The Fundamental Theorems of Calculus

misskitty

Can someone break down these theorems for me please because my book is horrible at explaining them. The examples the book gives shows the initial question but then the answer and none of the steps in between even on the very simple questions. I'm confused.

~Kitty

Galileo

http://archives.math.utk.edu/visual.calculus/4/ftc.9/

It has proofs in flash.

misskitty

I understand what it is but what does it mean? What about the other theorems?

~Kitty

Galileo

It means that differentiation and integration are, in a way, inverse processes. The fundamental theorem only says that in a much more precise way.

And what other theorems are you talking about? There are 2 parts to the fundamental theorem and both are explained (with an step-by-step proof) on the link.

misskitty

My book says there is a second fundamental theorem of calculus.

~Kitty

Reshma

The second fundamental theorem of calculus holds for f a continuous function on an open interval I and a any point in I, and states that if F is defined by:
[tex]F(x) = \int_a^xf(t)dt[/tex]
Then,
[tex]F'(x) = f(x)[/tex]
at each point in I, where F'(x) is a derivative of F(x).

misskitty

I didn't understand this one either. My book says even less than that.

~Kitty

mathwonk

the point is that every continuous function is the derivative of some other function. and more precisely that other function can be defined as a limit of riemann sums (:"riemann integral") of the first function.

intuitively, the moving area function under the graph of f, is an antiderivative of f, if f is continuous.

the other fundamental theorem is really the mean value theorem, which says that two differentiable functions with the same derivative on an interval, differ by a constant on that interval.

it follows that for any antiderivative F of f on the interval [a,b], F(x) differs by a constant from the riemann integral of f from a to x. this trivial corollary of the previous two theorems is somewhat ridiculously called the second fundamental theorem of calculus.

so the main points are how to construct a function witha given derivative, and then how far a function is determined just by knowing its derivative.


for instance, any riemann integrable function si continuous almost everywhere, hence its riemann integral is an antiderivative alm,ost everywhere.

but if you are given a function F that has derivative equal to an integrable f almost everywhere, it does not follow that F differs from the riemann integral of f by a constant.

one needs also to assume that F is lipschitz continuous. i.e. the refined mean value theorem does not say that a function F whose derivative is zero almost everywhere is constant, but does say that if the function F is also lipschitz continuous.

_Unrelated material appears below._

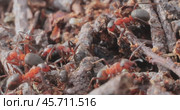 Ant close-up in the wild. Стоковое видео, видеограф Андрей Армягов / Фотобанк Лори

thus the two parts of the fundamental theoprem concern
1) the fact that an integral of f is also an antiderivative of f,
and
2) the extent to which that property characterizes the integral of f.

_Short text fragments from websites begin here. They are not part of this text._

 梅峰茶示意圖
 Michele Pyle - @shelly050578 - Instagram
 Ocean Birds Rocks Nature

thus as usually stated the 1st theorem says if f is continuous, then the integral is an antiderivative of f everywhere,

and the 2nd theorem says that conversely, if f is continuous on [a,b] and F is an antiderivative of f on [a,b], then F(x) - F(a) equals the integral of f from a to x.

misskitty

Wow...I need a minute to process that...

~Kitty

mathwonk

only a minute? it took me 40 years to learn that.

waht

lol, you must be like 500 years old.

Suppose you unroll a carpet that in not rectangular, but it's edges can form different shapes like a parabola, or anyother function, then as you unroll this carpet the rate of change of the area being swept is exactly its width at any particular instance.

mathwonk

what you said took me a little less, maybe 10 seconds. its what i said that took longer. maybe you should read it again. but you are right, i am 500 years old.

bomba923

40 years? Do you mean that you lacked an understanding of the Fundamental Theorem of Calculus for 40 years after you first encountered it?

I don't think this so...but is this what you meant?

misskitty

Lol, I think its safe to say that it is what he what he meant, but it was in a joking manner.

I understand it I think what confuses me is the proof of this theorem.

~Kitty

arildno

This is indeed, a crucial theorem, and unfortunately, it seems that many tend to forget it as one of the two pillars upon which applied calculus is built.

misskitty

Math, I really don't see how this theorem is really the mean value theorem. Isn't the mean value theorem f(c)(b-a) which is really (1/b-a)(b-a)? Grr (I get furstrated when I get confused)...getting confused......

~Kitty

mathwonk

well phooey, i have been typing for about 15 minutes and all of a suddeen the browser erased all of my work.


anyway i am not kidding. if you understabnd everything i have written and think it ridiculous that ti took me 40 to learn it, more power to you.

but if you think the ftc just says a continuous functiuon is differentiable everywhere and has derivative equal to the original fucntion, and any antiderivative differs from the origiinal continuous function by a constant then you know diddly.